Il senso di libertà, il viaggio, la fuga, la velocità, la tecnologia, la passione, tutto ciò che fa parte del mondo delle due ruote è protagonista nella mostra “Easy Rider. Il mito della motocicletta come arte” alla Reggia di Venaria fino al 24 febbraio 2019. Gli spazi della Citroniera delle Scuderie ospitano quasi 140 anni di storia della motocicletta, attraverso l’esposizione di oltre 50 modelli iconici come il chopper di “Easy Rider”, simbolo per antonomasia del mondo biker, la Triumph Bonneville che guidava Steve McQueen ne “La Grande Fuga” fino ai bolidi da gran premio come la Yamaha di Valentino Rossi e la Ducati di Casey Stoner.

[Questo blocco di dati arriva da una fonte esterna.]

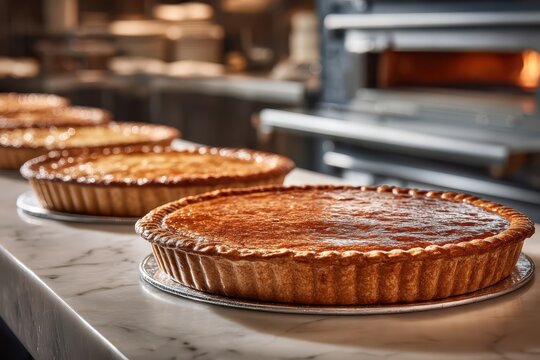 Golden tarts cooling on a marble counter in a bustling bakery kitchen.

A rendere unica la mostra è il dialogo con l’arte contemporanea, infatti sono molti gli artisti che hanno subìto il fascino della motocicletta, come Antonio Ligabue che dipinse “Autoritratto in moto” o Mario Merz che realizzò l’installazione “Accelerazione = sogno”. Il connubio musica e motori è testimoniato dal contributo artistico di Paul Simonon, ex bassista dei Clash che, da collezionista appassionato, ha reso omaggio alla due ruote con alcuni dipinti. “Easy Rider. Il mito della motocicletta come arte” ha dato vita a un percorso narrativo a tutto tondo fatto anche di immagini, con contributi fotografici inediti come quelli di Gianni Piacentino “High Speed Memories (1971-1976)” che testimoniano la sua attività nelle corse in sidecar, ma anche still e locandine cinematografiche.

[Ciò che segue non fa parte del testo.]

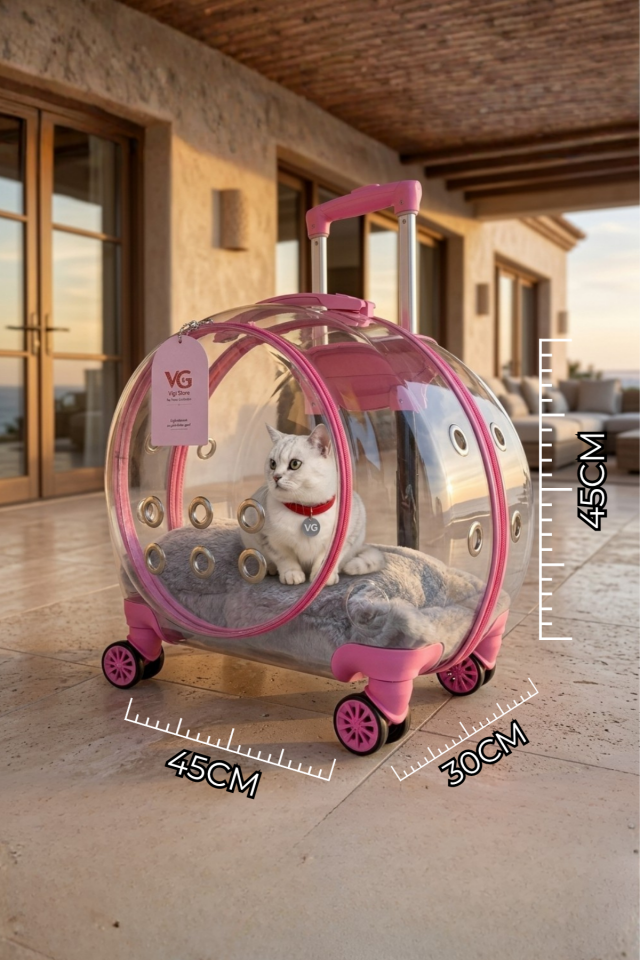 VG Premium XL Çekçekli Kedi Taşıma Valizi | Şeffaf Astronot Kedi & Küçük Köpek Taşıma Çantası Tekerlekli Şeffaf-Pembe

Il percorso espositivo è costituito da 9 sezioni che approfondiscono le diverse sfaccettature del mondo biker: Stile forma e design italiano è un meritato approfondimento sulla nostra industria motociclistica, sulla creatività e sulla ricerca della bellezza che dopo la Seconda guerra mondiale esplodono letteralmente caratterizzando i modelli del tempo; a partire dagli anni Settanta, all’interno del panorama internazionale, si affaccia il Sol Levante, con Honda, Suzuki, Yamaha e Kawasaki che conquistano ben presto gli appassionati di tutto il mondo per l’equilibrio tra qualità dei materiali impiegati e avanguardia tecnologica (Il Giappone e la tecnologia); la sezione intitolata Mal d’Africa rappresenta una parentesi dedicata alle tempeste di sabbia, al caldo opprimente del deserto e a quella voglia implacabile di avventura viaggiando su due ruote per raggiungere il mare del Senegal: la Parigi-Dakar, una delle imprese epiche di fine Novecento; La velocità, uno degli elementi caratterizzanti l’esperienza motociclistica è protagonista dell’omaggio artistico del torinese Gianni Piacentino mentre nella sezione Sì, viaggiare questo stesso concetto diventa libertà di movimento senza limiti e condizioni; London Calling è l’espressione del rombo britannico che gradualmente, negli anni Sessanta, sulle note di Beatles e Rolling Stones, lascia spazio all’entusiasmo nascente per l’automobilismo, lasciando la moto alla nicchia di appassionati; Il mito americano, settima sezione della mostra, è dedicato all’on the road,
dove la ricerca del senso delle cose e la scoperta di se stessi sono al centro di un viaggio scandito da paesaggi straordinari ed emozioni sempre nuove; Terra, fango e libertà è quasi un mantra per tutti i motociclisti che amano il cross, il trial e l’enduro o semplicemente il “fuori strada”, mossi dall’istinto quasi selvaggio e nomade di spingersi oltre il limite; La moto e il cinema è l’ultima sezione espositiva che conclude egregiamente questo viaggio attraverso il mito della due ruote, protagonista di storie a volte comiche (come in “…altrimenti di arrabbiamo” con Bud Spencer e Terence Hill) a volte tragiche (come per i protagonisti di “Easy Rider”).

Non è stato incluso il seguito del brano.